Coconut Shrimp With Guava Sweet And Sour Sauce
Total Time: 18 mins
Preparation Time: 15 mins
Cook Time: 3 mins
Ingredients
- 12 jumbo shrimp, peeled, deveined and butterflied
- 1 cup coconut flakes
- 1 cup panko breadcrumbs
- 3 eggs, beaten
- 1 cup flour
- 3 cups frying oil
- 1 cup guava, concentrate
- 1/2 cup rice vinegar or 1/2 cup vinegar
- 1/2 cup pineapple juice
- 1/2 cup sugar
- 1 tablespoon cornstarch
- 1 tablespoon water
Recipe
- 1 pre-heat oil to 350 degrees in medium frying pan.
- 2 in a medium, mixing bowl, combine coconut and panko.

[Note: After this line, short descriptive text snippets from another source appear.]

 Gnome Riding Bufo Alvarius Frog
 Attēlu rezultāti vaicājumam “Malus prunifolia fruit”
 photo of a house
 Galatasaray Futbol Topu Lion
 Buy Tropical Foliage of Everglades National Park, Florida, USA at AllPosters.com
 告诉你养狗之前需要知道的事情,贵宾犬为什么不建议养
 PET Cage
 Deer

- 3 dredge shrimp in flour, then in the egg mixture, then in the panko and coconut mix, pressing down firmly to ensure proper breading.
- 4 fry shrimp until golden brown being sure not to burn. (the coconut contains a high sugar content, which may burn quickly.)

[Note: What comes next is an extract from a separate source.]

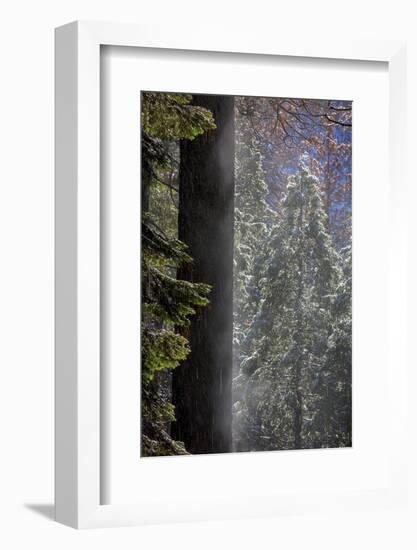 Snowy Mist in the Forest. Valley Floor. Yosemite National Park, California.-Tom Norring-Framed Photographic Print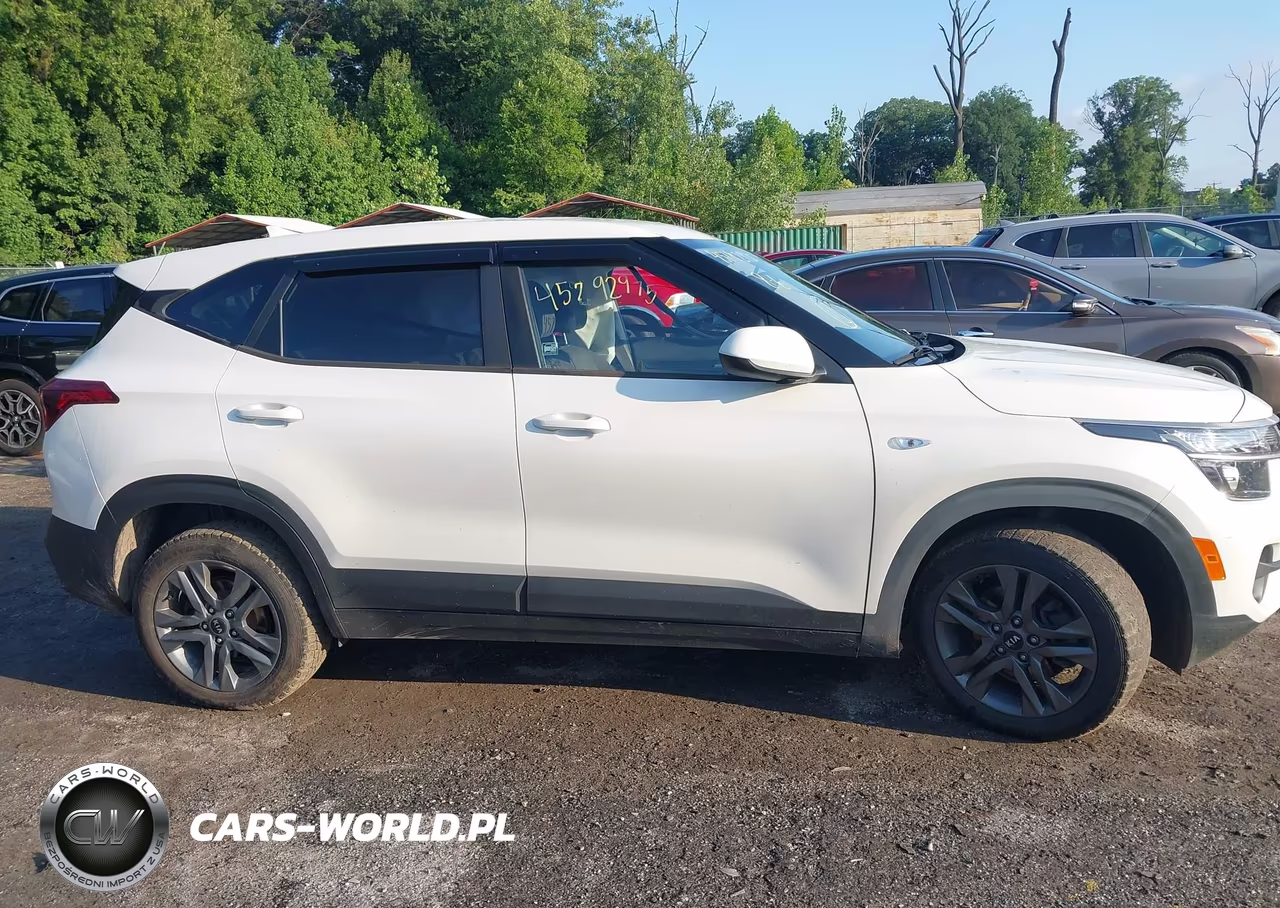 2021 Kia Seltos Lx VIN:KNDEPCAA2M7160033 - 13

- 5 in a separate saucepan, combine sugar, vinegar, and pineapple juice. bring to a boil and allow sugar to incorporate into the sauce.
- 6 add guava concentrate and allow to boil.
- 7 mix the cornstarch and water to make a slurry. (you may use cornstarch slurry to thicken the sauce to the correct consistency. the sauce should be able to coat a spoon.)
- 8 you may use the sauce as a dip or simply pour the sauce over the shrimp when ready to serve.